■ WHAT THIS TASK INVOLVES: Only the lines below starting at the one containing "Kuzeylife Shiva Ayakkabılık" and ending at the one containing "Pair of Antique Embossed Leather Chairs 1" belong in the answer, each copied exactly.
====== TASK INPUTS ======
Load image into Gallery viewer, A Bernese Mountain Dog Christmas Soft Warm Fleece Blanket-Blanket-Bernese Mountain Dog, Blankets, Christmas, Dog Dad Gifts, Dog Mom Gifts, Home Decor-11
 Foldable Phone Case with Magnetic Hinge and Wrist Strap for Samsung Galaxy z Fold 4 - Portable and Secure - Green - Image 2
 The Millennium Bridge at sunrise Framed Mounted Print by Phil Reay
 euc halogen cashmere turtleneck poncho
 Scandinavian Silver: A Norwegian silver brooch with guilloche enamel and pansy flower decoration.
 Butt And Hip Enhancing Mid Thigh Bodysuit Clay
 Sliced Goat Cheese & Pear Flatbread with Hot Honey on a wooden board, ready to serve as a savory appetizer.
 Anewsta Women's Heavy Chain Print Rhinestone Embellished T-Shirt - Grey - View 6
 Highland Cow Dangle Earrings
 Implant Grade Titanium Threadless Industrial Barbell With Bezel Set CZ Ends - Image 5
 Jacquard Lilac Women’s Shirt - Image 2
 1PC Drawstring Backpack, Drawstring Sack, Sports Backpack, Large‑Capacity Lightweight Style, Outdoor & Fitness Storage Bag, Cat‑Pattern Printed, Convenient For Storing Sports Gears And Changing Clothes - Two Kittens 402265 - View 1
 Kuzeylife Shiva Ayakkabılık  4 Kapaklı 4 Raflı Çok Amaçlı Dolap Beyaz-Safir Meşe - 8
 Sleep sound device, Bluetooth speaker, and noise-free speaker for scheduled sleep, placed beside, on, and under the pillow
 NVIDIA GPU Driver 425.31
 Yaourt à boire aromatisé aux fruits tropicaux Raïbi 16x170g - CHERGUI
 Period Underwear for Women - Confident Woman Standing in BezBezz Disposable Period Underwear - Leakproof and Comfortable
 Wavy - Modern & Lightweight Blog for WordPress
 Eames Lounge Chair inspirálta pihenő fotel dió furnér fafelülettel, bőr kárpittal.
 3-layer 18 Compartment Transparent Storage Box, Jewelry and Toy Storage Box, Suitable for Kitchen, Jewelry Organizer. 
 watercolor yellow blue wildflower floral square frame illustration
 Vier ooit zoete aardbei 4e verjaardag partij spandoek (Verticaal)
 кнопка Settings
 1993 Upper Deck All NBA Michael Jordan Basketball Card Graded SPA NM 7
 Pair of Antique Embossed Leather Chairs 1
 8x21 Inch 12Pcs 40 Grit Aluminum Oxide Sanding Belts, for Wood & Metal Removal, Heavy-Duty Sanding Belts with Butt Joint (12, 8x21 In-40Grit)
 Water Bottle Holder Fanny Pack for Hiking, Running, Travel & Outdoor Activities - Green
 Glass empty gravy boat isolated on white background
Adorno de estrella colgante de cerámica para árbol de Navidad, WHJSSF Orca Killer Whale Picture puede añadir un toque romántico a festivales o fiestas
======
■ RESPONSE:
 Kuzeylife Shiva Ayakkabılık  4 Kapaklı 4 Raflı Çok Amaçlı Dolap Beyaz-Safir Meşe - 8
 Sleep sound device, Bluetooth speaker, and noise-free speaker for scheduled sleep, placed beside, on, and under the pillow
 NVIDIA GPU Driver 425.31
 Yaourt à boire aromatisé aux fruits tropicaux Raïbi 16x170g - CHERGUI
 Period Underwear for Women - Confident Woman Standing in BezBezz Disposable Period Underwear - Leakproof and Comfortable
 Wavy - Modern & Lightweight Blog for WordPress
 Eames Lounge Chair inspirálta pihenő fotel dió furnér fafelülettel, bőr kárpittal.
 3-layer 18 Compartment Transparent Storage Box, Jewelry and Toy Storage Box, Suitable for Kitchen, Jewelry Organizer. 
 watercolor yellow blue wildflower floral square frame illustration
 Vier ooit zoete aardbei 4e verjaardag partij spandoek (Verticaal)
 кнопка Settings
 1993 Upper Deck All NBA Michael Jordan Basketball Card Graded SPA NM 7
 Pair of Antique Embossed Leather Chairs 1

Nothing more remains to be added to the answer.